Amid the pandemic, workers whose jobs once defined their lives are questioning what it was all for.
By Sam Blum | Vox
Nina Rudnick sometimes dreams of an escape. As a director at a psychological research nonprofit, Rudnick, 37, is beholden to an inescapable reality: Work — and the feeling that she must remain constantly immersed in it — never ends. On a typical day, she’ll herd her 3-year-old son out of bed and to day care before commuting to a nine-hour day at the office. Often, she’s back at her computer after putting him to sleep. As she continues to ascend the ranks of her field, the impulse to work beyond the hours of a normal day only grows.

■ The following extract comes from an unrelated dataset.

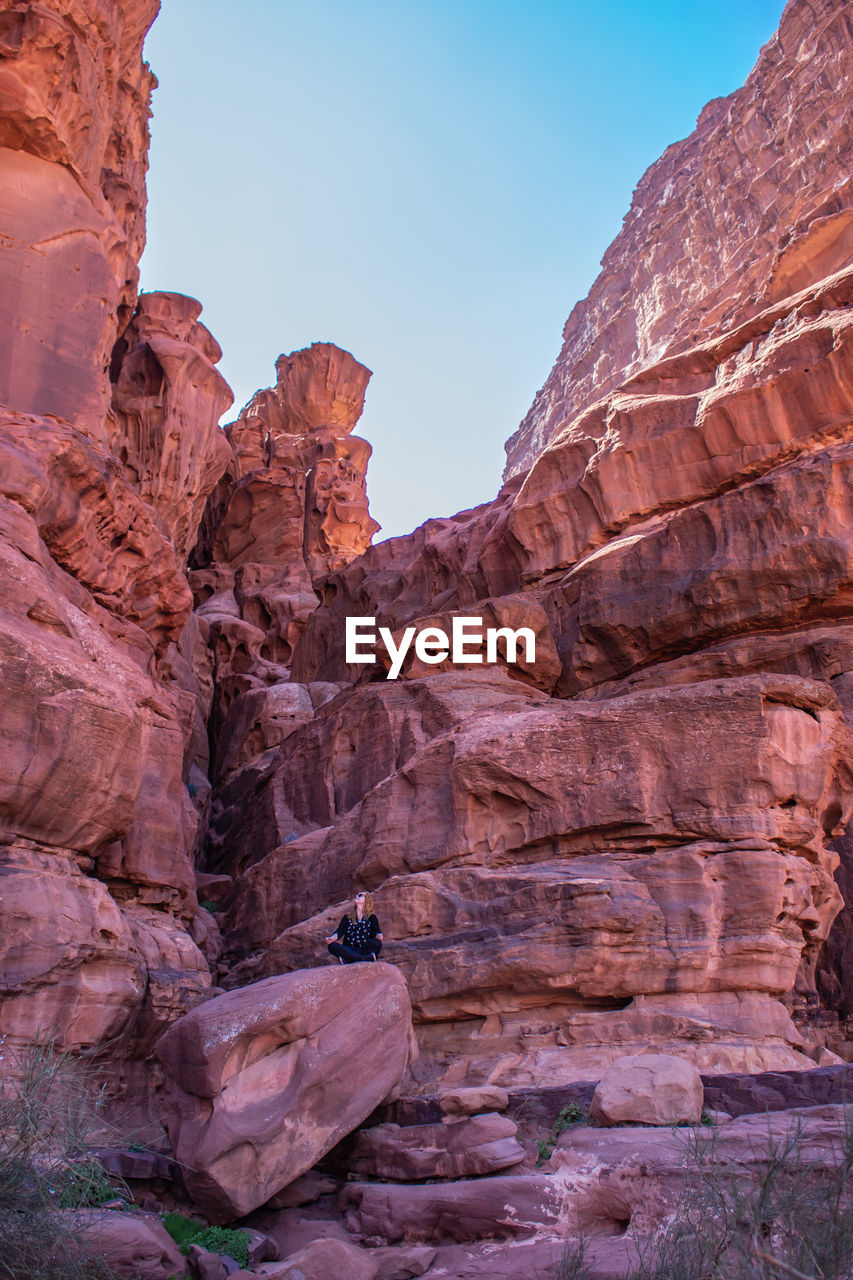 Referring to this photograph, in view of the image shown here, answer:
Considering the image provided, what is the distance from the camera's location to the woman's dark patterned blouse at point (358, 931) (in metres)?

But since the Covid-19 pandemic, life has slowed down. Rudnick no longer rouses her toddler in the morning and rushes to the office in a harried frenzy. She is still working, but productivity in front of a computer is making way for more sentimental moments with her son. She doesn’t want it to change.
“The last two years, I’ve been working so hard for so many hours and lamenting the fact that I’m away from my kid so much,” she says. But in isolation, “I’ve had so many incredibly sweet moments with him.”
Like so many other Americans, Rudnick spent much of her adult life striving to fulfill an incessant demand for productivity, in realms professional and private. She says “hypercompetitive areas” like the Bay Area, where she lives, reinforce a notion endemic to much of modern American society: that constant work and productivity equals a greater sense of purpose and meaning in life.
“When you make your identity what you produce, then you’re kind of limiting yourself,” she says. She’s learned that “the stakes for being wrong or not producing at the level one expects of themselves are much higher if someone defines themselves by what they do.”